▶ [ACTION ITEM]
Every line of the material is to be quoted verbatim, minus the pictures.

▶ [RECORDED INFORMATION]
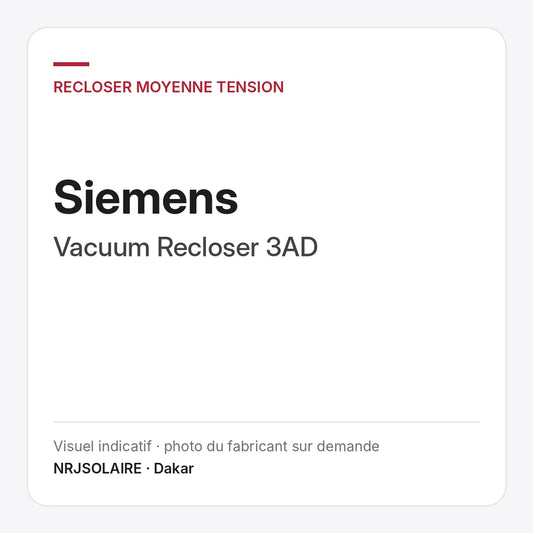 Siemens Vacuum Recloser 3AD — visuel indicatif NRJSOLAIRE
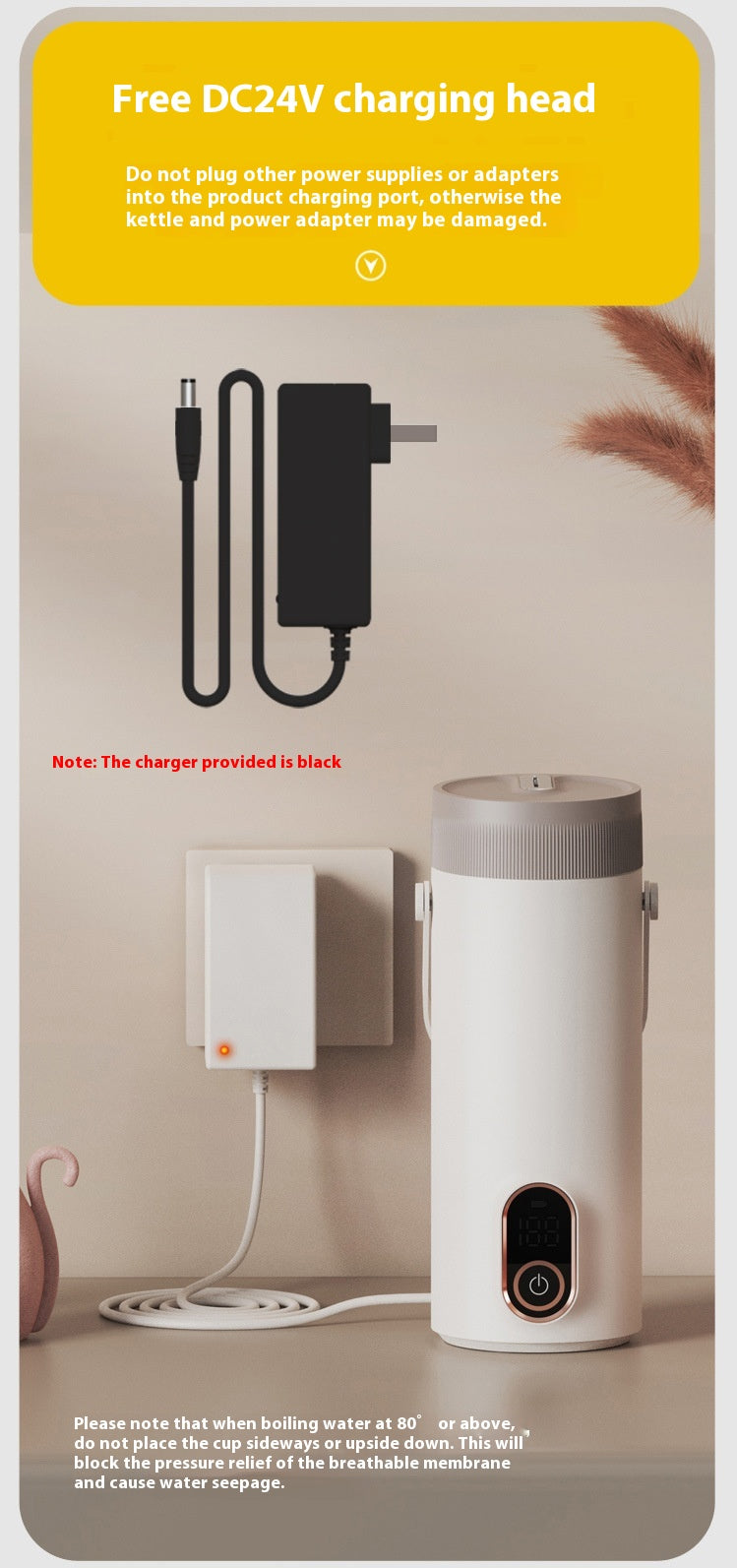 Wireless Portable Water and Electric Cup with Heating Function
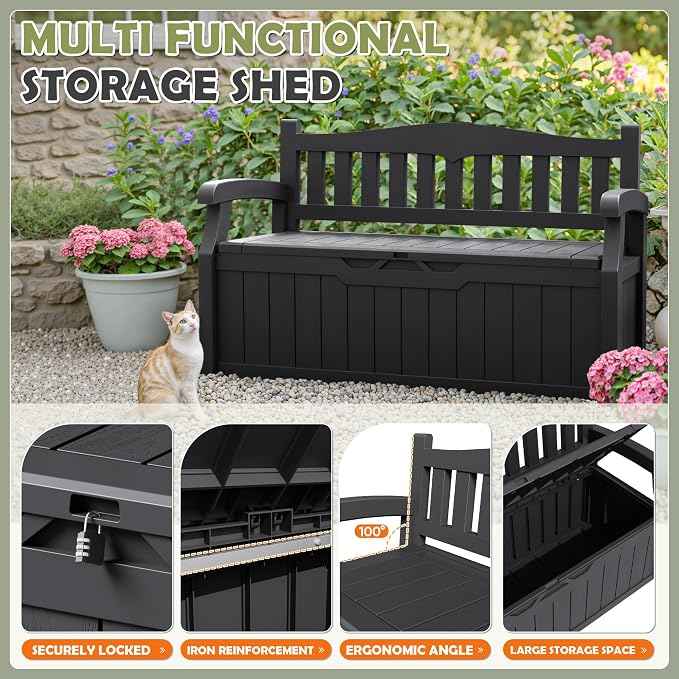 Homall 75 Gallon Outdoor Storage Benches Lockable Deck Box
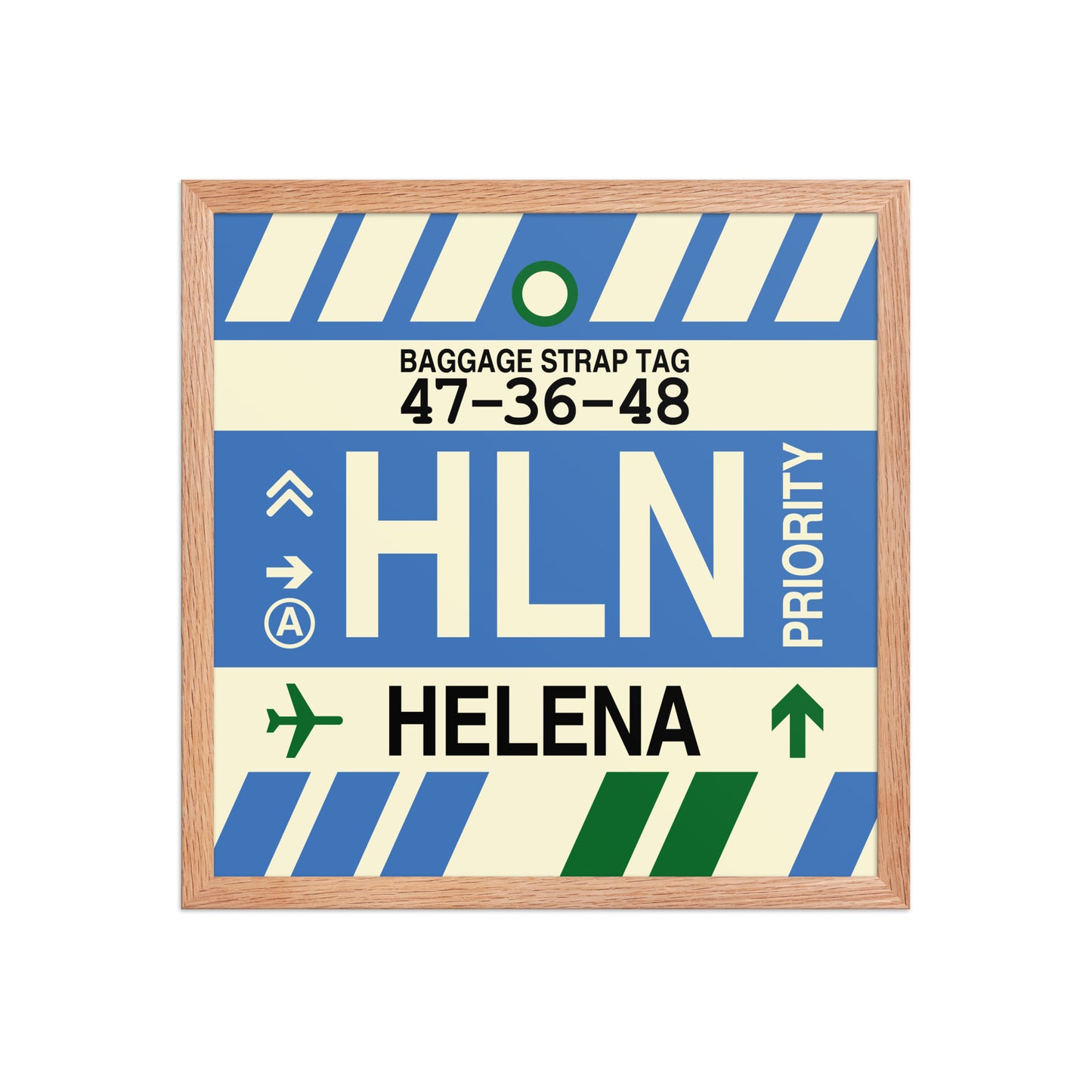 HLN Helena Framed Print • Jet Age Baggage Tag Design • YHM Designs - Image 09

▶ [OUTPUT OF THE TASK]
 Siemens Vacuum Recloser 3AD — visuel indicatif NRJSOLAIRE
 Wireless Portable Water and Electric Cup with Heating Function
 Homall 75 Gallon Outdoor Storage Benches Lockable Deck Box
 HLN Helena Framed Print • Jet Age Baggage Tag Design • YHM Designs - Image 09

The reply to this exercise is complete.